Samuel Taylor Coleridge’s place in the canon of English poetry rests on a comparatively small body of achievement: a few poems from the late 1790s and early 1800s and his participation in the revolutionary publication of Lyrical Ballads in 1797. Unlike Wordsworth, his work cannot be understood through the lens of the 1802 preface to the second edition of that book; though it does resemble Wordsworth’s in its idealization of nature and its emphasis on human joy, Coleridge’s poems often favor musical effects over the plainness of common speech. The intentional archaisms of “The Rime of the Ancient Mariner” and the hypnotic drone of “Kubla Khan” do not imitate common speech, creating instead a more strikingly stylized effect.

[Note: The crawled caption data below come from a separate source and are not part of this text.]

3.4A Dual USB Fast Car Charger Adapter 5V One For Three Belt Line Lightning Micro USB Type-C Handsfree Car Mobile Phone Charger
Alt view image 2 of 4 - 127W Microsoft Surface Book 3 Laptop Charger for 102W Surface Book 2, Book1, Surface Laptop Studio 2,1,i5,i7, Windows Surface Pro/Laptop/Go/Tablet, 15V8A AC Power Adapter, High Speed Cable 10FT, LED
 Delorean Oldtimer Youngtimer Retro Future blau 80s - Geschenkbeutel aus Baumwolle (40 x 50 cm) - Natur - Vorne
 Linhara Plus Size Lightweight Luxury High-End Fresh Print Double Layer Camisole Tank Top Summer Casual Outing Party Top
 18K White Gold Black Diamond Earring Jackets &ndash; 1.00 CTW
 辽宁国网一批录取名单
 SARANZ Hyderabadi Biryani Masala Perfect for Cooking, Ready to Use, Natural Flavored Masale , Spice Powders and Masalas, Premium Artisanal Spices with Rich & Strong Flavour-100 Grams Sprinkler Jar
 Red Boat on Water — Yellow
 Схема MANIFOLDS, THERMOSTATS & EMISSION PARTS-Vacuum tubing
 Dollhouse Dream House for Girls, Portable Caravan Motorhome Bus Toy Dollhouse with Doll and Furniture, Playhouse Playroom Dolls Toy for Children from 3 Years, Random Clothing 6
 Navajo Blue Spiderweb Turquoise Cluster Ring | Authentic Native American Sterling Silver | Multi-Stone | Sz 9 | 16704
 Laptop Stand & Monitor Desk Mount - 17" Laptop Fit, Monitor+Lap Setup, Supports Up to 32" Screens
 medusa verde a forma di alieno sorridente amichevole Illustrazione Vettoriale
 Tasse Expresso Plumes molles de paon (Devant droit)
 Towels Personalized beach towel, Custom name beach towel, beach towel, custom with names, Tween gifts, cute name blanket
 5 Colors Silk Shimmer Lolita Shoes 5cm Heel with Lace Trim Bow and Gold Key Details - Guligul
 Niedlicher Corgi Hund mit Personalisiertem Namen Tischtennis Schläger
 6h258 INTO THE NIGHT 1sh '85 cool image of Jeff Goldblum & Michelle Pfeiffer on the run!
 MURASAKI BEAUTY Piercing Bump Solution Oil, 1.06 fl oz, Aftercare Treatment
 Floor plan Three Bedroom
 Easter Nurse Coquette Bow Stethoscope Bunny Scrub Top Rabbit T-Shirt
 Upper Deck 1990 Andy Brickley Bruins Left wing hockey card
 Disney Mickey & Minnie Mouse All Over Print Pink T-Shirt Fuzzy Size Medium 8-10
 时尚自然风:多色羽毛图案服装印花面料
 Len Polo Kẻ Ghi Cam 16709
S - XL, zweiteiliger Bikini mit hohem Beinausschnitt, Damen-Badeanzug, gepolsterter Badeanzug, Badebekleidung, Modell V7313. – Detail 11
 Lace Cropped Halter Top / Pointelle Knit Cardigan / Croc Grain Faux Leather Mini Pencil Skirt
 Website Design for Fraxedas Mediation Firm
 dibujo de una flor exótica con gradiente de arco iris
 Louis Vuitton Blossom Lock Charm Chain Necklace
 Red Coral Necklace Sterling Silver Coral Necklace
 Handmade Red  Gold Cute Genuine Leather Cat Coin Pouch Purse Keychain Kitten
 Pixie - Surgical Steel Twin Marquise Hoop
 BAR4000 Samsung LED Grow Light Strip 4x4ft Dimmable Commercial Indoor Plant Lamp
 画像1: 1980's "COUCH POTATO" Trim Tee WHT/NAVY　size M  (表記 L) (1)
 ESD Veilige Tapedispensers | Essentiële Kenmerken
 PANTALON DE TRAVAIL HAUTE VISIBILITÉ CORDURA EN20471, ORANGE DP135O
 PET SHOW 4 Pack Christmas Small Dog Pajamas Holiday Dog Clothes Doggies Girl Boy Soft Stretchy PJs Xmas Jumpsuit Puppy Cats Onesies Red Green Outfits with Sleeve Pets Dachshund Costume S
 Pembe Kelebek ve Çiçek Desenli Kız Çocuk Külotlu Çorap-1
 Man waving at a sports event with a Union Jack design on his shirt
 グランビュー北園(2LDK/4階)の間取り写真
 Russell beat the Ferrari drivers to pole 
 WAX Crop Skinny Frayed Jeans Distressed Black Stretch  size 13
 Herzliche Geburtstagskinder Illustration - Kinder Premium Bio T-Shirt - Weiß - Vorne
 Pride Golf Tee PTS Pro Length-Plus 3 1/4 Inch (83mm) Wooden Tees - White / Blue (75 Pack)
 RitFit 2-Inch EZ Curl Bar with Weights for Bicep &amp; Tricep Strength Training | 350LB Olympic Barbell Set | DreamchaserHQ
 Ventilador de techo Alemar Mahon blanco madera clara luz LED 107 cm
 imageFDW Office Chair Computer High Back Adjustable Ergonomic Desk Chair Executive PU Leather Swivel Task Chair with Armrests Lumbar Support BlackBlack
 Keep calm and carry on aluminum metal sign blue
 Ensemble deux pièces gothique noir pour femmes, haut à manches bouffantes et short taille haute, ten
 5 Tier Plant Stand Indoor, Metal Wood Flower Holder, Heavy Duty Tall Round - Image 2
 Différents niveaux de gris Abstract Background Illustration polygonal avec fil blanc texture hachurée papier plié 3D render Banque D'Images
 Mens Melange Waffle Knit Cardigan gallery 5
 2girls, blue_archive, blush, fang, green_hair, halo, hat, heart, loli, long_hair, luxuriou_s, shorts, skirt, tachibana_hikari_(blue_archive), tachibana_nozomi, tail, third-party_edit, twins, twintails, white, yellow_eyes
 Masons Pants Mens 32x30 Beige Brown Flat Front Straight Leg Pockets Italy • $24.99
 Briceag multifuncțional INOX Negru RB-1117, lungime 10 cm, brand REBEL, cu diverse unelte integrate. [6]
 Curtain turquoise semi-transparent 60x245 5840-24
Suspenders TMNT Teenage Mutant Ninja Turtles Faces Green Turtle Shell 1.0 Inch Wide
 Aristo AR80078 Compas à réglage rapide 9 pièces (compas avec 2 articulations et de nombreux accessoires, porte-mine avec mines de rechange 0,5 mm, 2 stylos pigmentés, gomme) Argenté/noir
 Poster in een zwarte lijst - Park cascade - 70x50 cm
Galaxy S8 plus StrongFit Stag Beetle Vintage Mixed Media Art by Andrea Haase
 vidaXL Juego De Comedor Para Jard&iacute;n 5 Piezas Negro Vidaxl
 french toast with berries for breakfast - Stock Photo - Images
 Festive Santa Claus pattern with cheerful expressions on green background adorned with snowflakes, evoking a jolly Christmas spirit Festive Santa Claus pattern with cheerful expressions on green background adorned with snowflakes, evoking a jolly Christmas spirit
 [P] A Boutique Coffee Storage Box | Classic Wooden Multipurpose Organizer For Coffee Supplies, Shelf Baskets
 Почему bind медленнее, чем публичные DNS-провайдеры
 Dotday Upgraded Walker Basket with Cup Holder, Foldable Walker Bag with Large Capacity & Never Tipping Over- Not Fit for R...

Further, Coleridge’s poems complicate the phenomena Wordsworth takes for granted: the simple unity between the child and nature and the adult’s reconnection with nature through memories of childhood; in poems such as “Frost at Midnight,” Coleridge indicates the fragility of the child’s innocence by relating his own urban childhood. In poems such as “Dejection: An Ode” and “Nightingale,” he stresses the division between his own mind and the beauty of the natural world. Finally, Coleridge often privileges weird tales and bizarre imagery over the commonplace, rustic simplicities Wordsworth advocates; the “thousand thousand slimy things” that crawl upon the rotting sea in the “Rime” would be out of place in a Wordsworth poem.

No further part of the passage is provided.